→ Assignment: In the output, include exactly the lines from the beginning of the records up to and including the one that contains "Rust Sleeveless Tiered Plus Maternity Dress", and leave out the pictures.

→ Data shown:
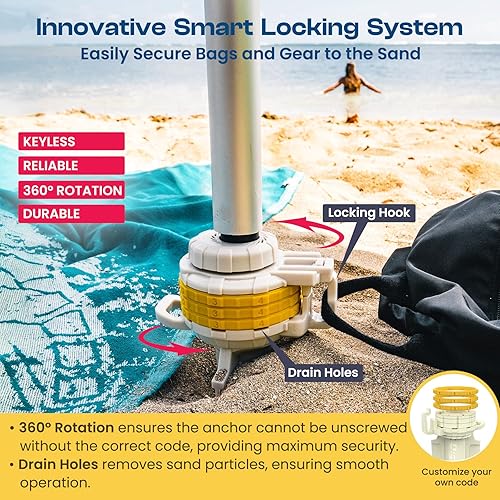Miniatura 6 de Diggo Anclaje de playa multiusos: cerradura de combinación para bolsas desatendidas, anclaje de arena para paraguas, estaca de amarre para perros,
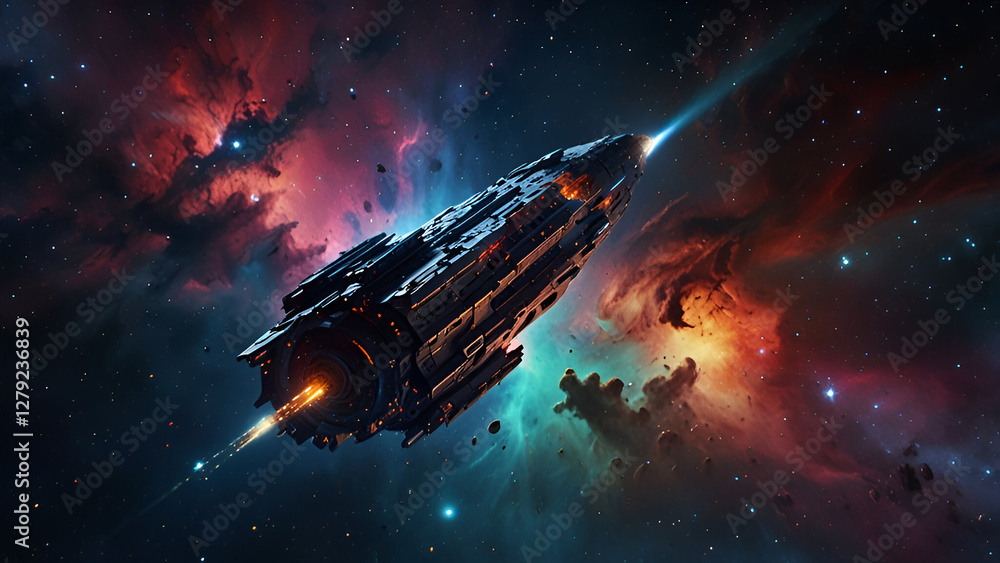 Spaceship in colorful nebula, massive sci-fi vessel, glowing engines, deep space exploration, vibrant cosmic clouds, stellar nursery, high-detail digital art Spaceship in colorful nebula, massive sci-fi vessel, glowing engines, deep space exploration, vibrant cosmic clouds, stellar nursery, high-detail digital art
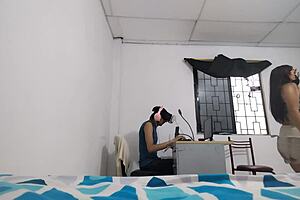 busty lustful babe dances sensually in vr apartment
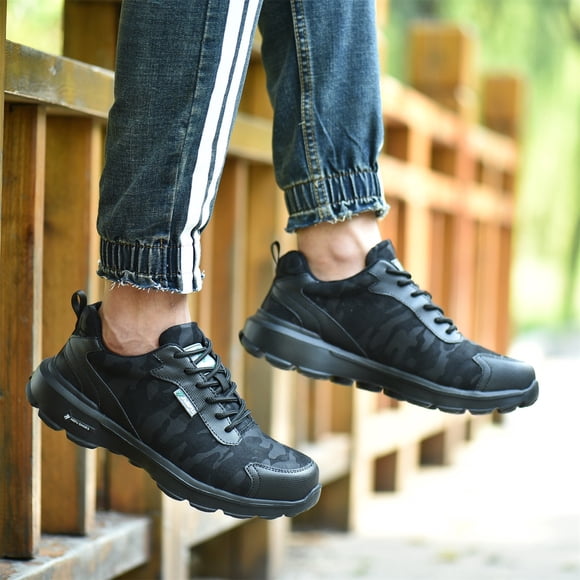 TIMIFIS Steel Toe Shoes for Men Waterproof Slip Resistant Work Sneakers Athletic Durable Lightweight Comfortable Water Resistant Indestructible Construction Tennis Air Cushion Merry Christmas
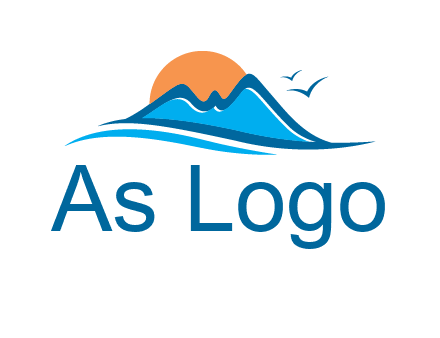sun and birds over hills travel logo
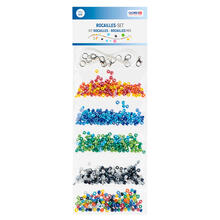 NEU Rocailles-Set mit Kordel und Verschl�ssen, 50 g, sortiert in 5 Farben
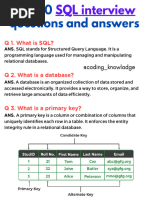 SQL Interview Q&A for 3 Years Experience | PDF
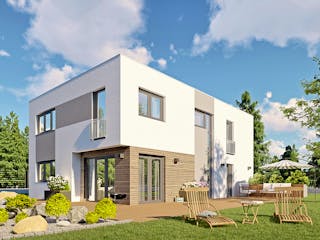 Massivhaus Einfamilienhaus Berlin von BauArt Massivbau, Cubushaus Außenansicht 2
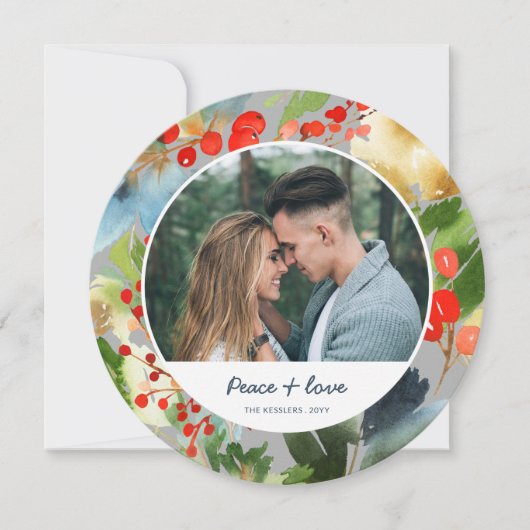 水彩花のクリスマス円形写真 グレー シーズンカード (正面)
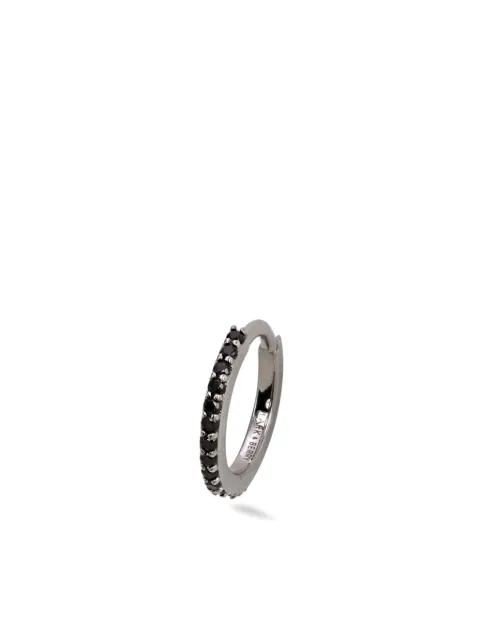 Lark & Berry 14kt white gold Modernist black spinel large hoop earring Silver LBDJ09410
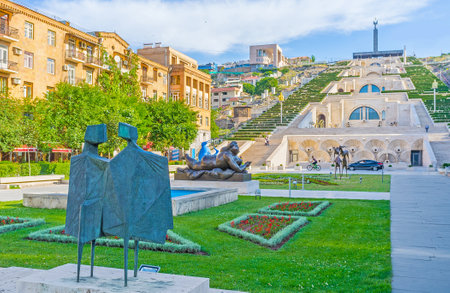 YEREVAN, ARMENIA - MAY 29, 2016: The Cafesjian sculpture garden, located adjacent to Cascade, famous stairway and the viewpoint, on May 29 in Yerevan.のeditorial素材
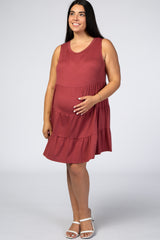 Rust Sleeveless Tiered Plus Maternity Dress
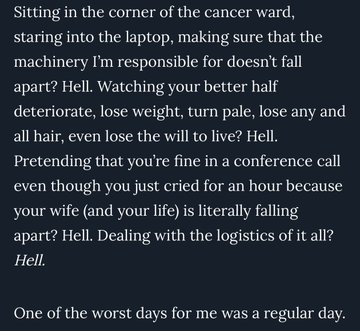 A short caption: A plain dark-background image containing a personal, heart-wrenching testimonial about caring for a spouse in a cancer ward, describing the emotional toll of work obligations while a loved one deteriorates.
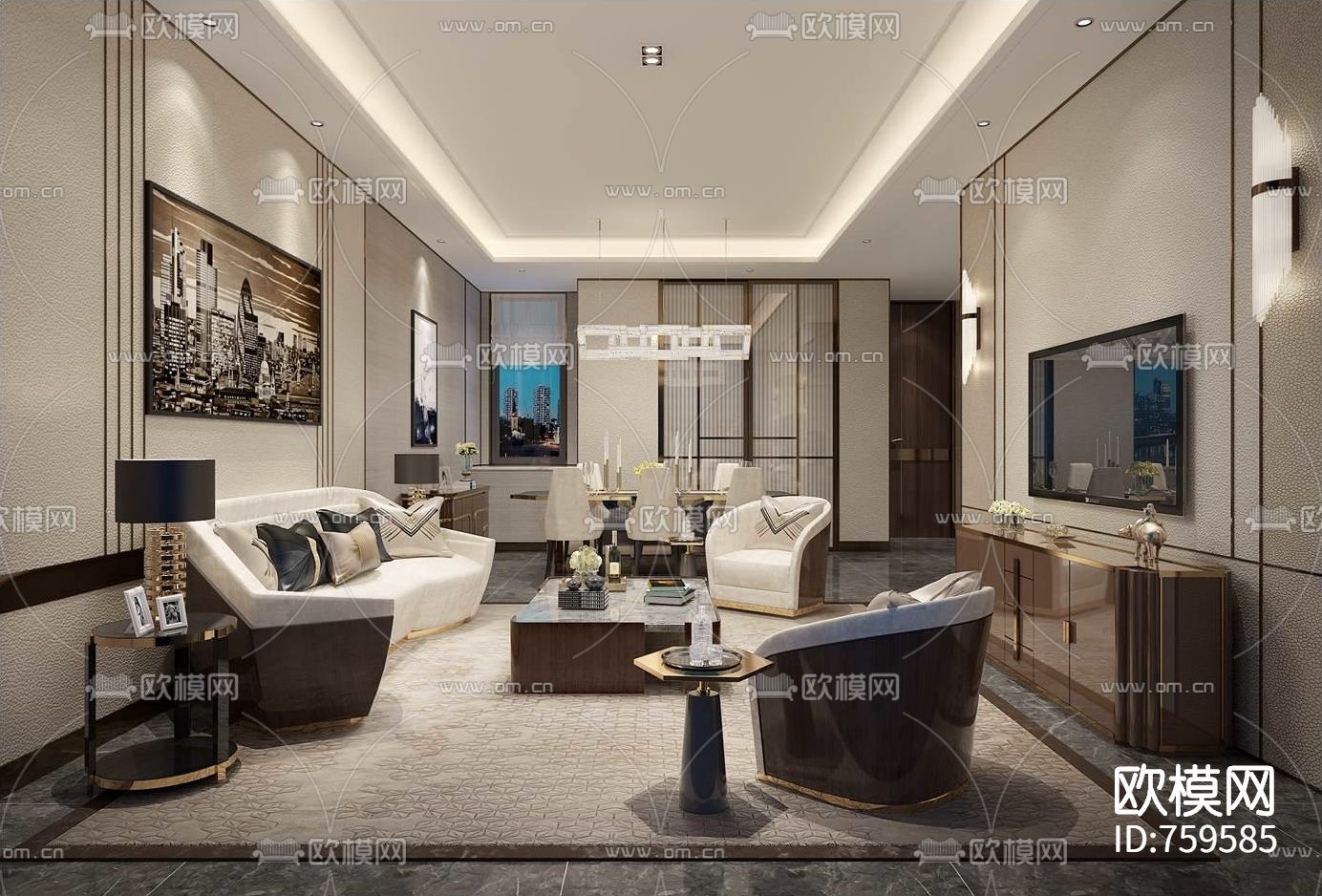 现代轻奢样板间CAD施工图+效果图下载（渲染图2）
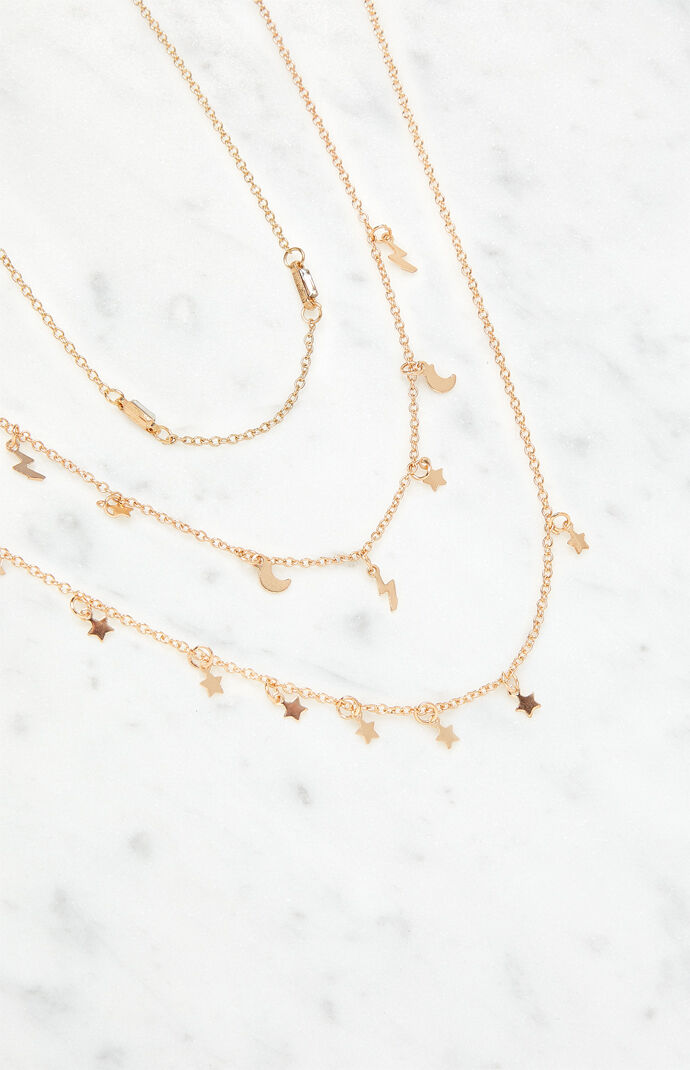 Triple Layered Celestial Necklace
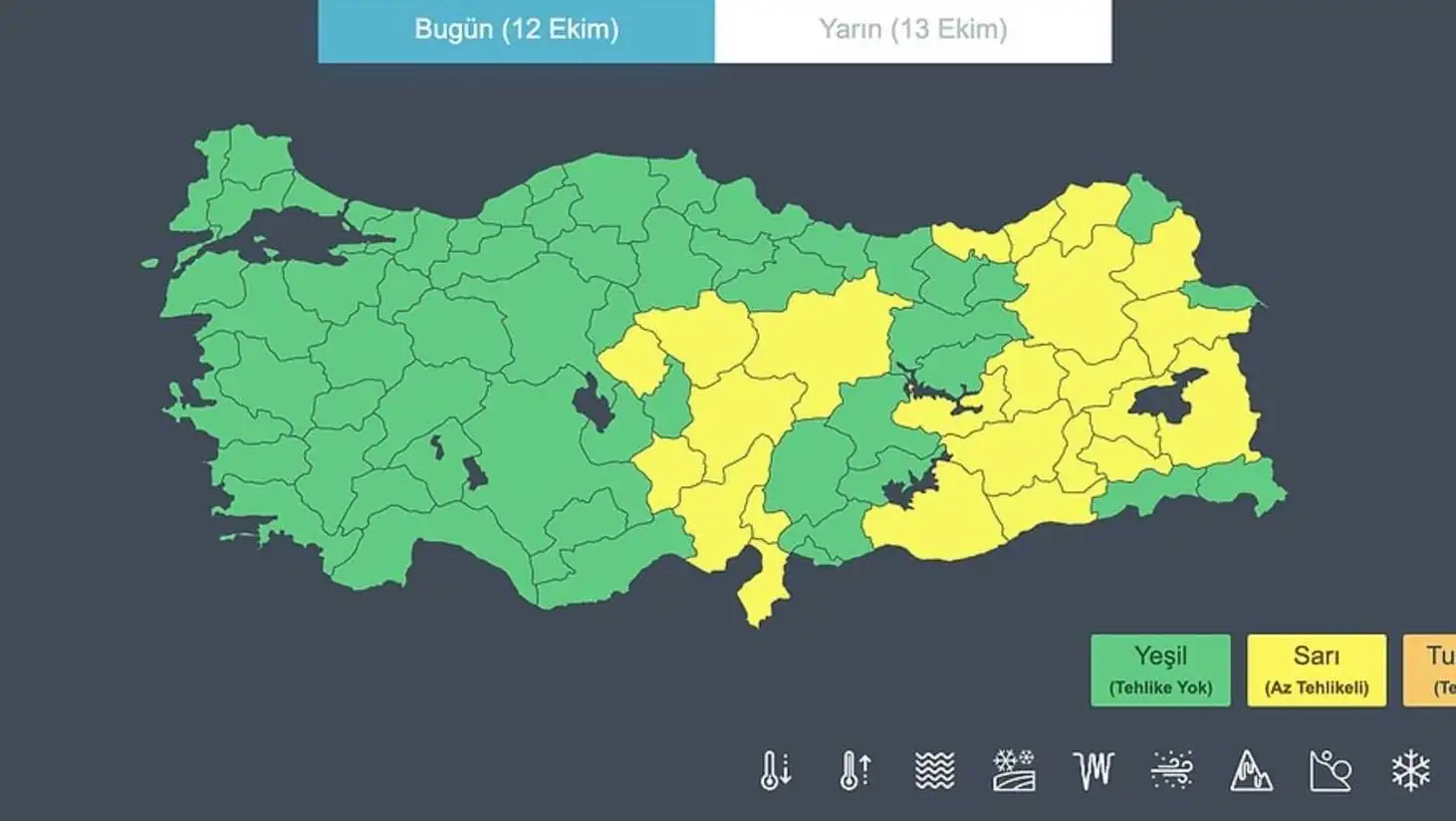 Türkiye haritası, farklı renklerle gösterilmiş bölgeler.
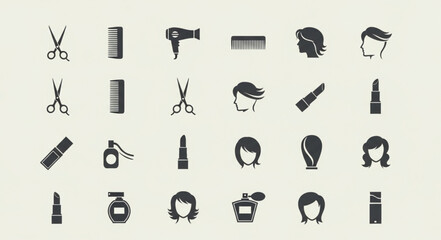 Fototapeta premium Collection of beauty and hair salon icons and symbols.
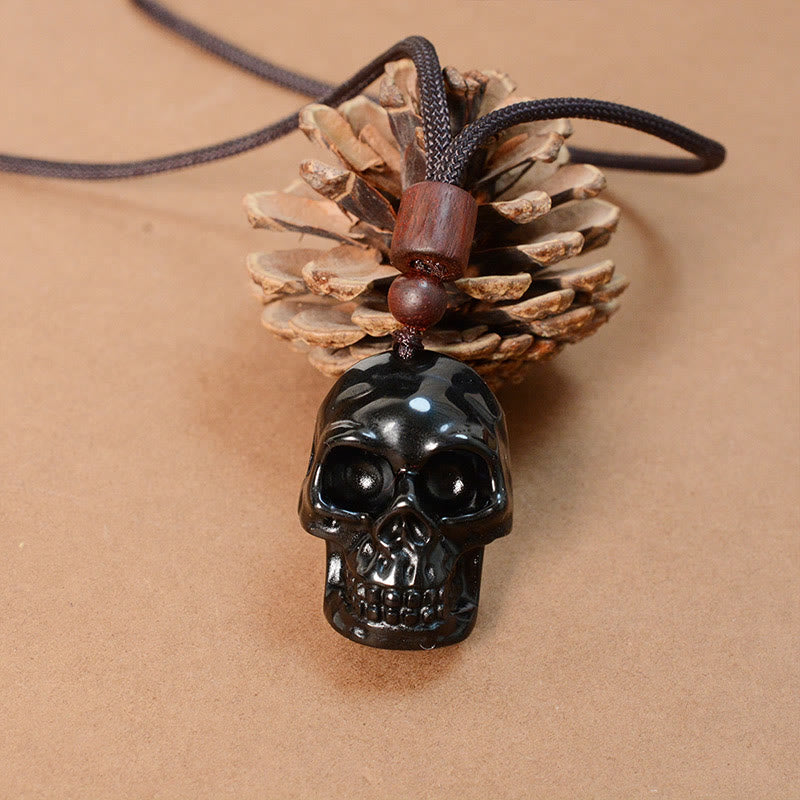 KarmaRipple's Black Obsidian String Skeleton Fulfilment Pendant Necklace p13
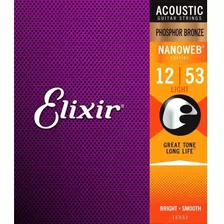 Elixir 16052 Phosphor Bronze Nanoweb 12-53 Cuerdas Acusticas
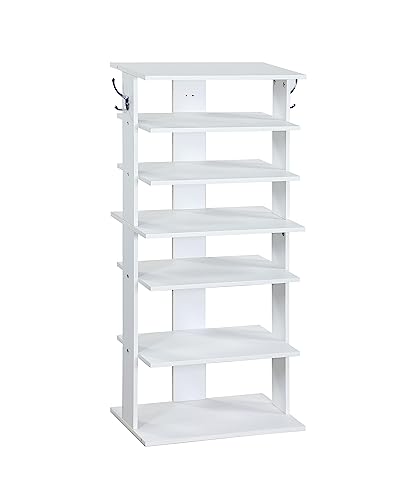 Kebuz House Vertical Shoe Rack, 7 Tier Shoe Storage Organizer with Hooks, Entryway Shoe Tower，Vertical Shoe Organizer，Vertical Shoe Organizer，White
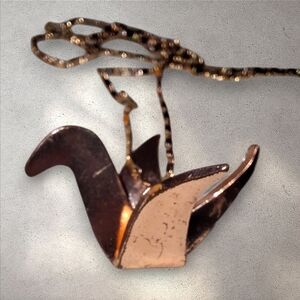 Origami Crane Rose/goldtone Pendant Chain Dainty Charm Necklace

→ Task answer:
Miniatura 6 de Diggo Anclaje de playa multiusos: cerradura de combinación para bolsas desatendidas, anclaje de arena para paraguas, estaca de amarre para perros,
 Spaceship in colorful nebula, massive sci-fi vessel, glowing engines, deep space exploration, vibrant cosmic clouds, stellar nursery, high-detail digital art Spaceship in colorful nebula, massive sci-fi vessel, glowing engines, deep space exploration, vibrant cosmic clouds, stellar nursery, high-detail digital art
 busty lustful babe dances sensually in vr apartment
 TIMIFIS Steel Toe Shoes for Men Waterproof Slip Resistant Work Sneakers Athletic Durable Lightweight Comfortable Water Resistant Indestructible Construction Tennis Air Cushion Merry Christmas
sun and birds over hills travel logo
 NEU Rocailles-Set mit Kordel und Verschl�ssen, 50 g, sortiert in 5 Farben
 SQL Interview Q&A for 3 Years Experience | PDF
 Massivhaus Einfamilienhaus Berlin von BauArt Massivbau, Cubushaus Außenansicht 2
 水彩花のクリスマス円形写真 グレー シーズンカード (正面)
 Lark & Berry 14kt white gold Modernist black spinel large hoop earring Silver LBDJ09410
 YEREVAN, ARMENIA - MAY 29, 2016: The Cafesjian sculpture garden, located adjacent to Cascade, famous stairway and the viewpoint, on May 29 in Yerevan.のeditorial素材
 Rust Sleeveless Tiered Plus Maternity Dress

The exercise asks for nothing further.